In the unlikely event you’re getting sick of sea otters, look at this picture:

III. Charles Darwin’s Elephants (7 pts)

Charles Darwin contemplated exponential growth in his Origin of Species. To make his point, he considered the slowest breeding animal he new, the elephant. Here is the complete excerpt:

There is no exception to the rule that every organic being increases at so high a rate, that if not destroyed, the earth would soon be covered by the progeny of a single pair … The elephant is reckoned to be the slowest breeder of all known animals, and I have taken some pains to estimate its probable minimum rate of natural increase: it will be under the mark to assume that it breeds when thirty years old, and goes on breeding till ninety years old, bringing forth three pairs of young in this interval; if this be so, at the end of the fifth century there would be alive fifteen million elephants, descended from the first pair.

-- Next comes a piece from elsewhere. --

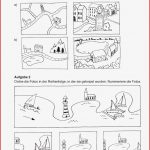 Orientierung 3. Klasse / Karten Lesen Lernen ...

So - Darwin is saying that it will take 500 years for the elephant population to grow from 2 to 15,000,000.

1.(1pt) What is the intrinsic growth rate \(r\) for Darwin’s elephants?

  1. (2 pts) If we make an assumption of constant mortality risk, an animal that lives 90 years has a per-year probability of death of \(p_d = 1/90 = 0.01111\). If an elephant pair produces six offspring over 90 years of life, the individual per-year probability of birth is \(p_b = 6/90/2 = 0.03333\). Plug those numbers into the stochastic demography calculator, and see how close Darwin’s estimate is.

  2. (2 pts) Spoiler alert, it’s off. One might argue: way off. And Darwin didn’t show his work, so we don’t know how he came up with his numbers. How can you fix the birth and death probability to actually get 15,000,000 elephants after 500 years? Specifically, if we assume the 90 year life-span of the elephants is correct, how many offspring would a pair of elephants need to produce over their lifetime? Explain your reasoning.

  3. (2 pts) Given the very very small size of Darwin’s initial population (1 pair), demographic stochasticity also plays an important role. Using Darwin’s number, what’s the probability that the whole population just goes extinct before getting anywhere within smelling distance of 15,000,000? What if you started with 10 elephants instead of 2? (I’d suggest using at least 1000 simulations to get at these estimates.)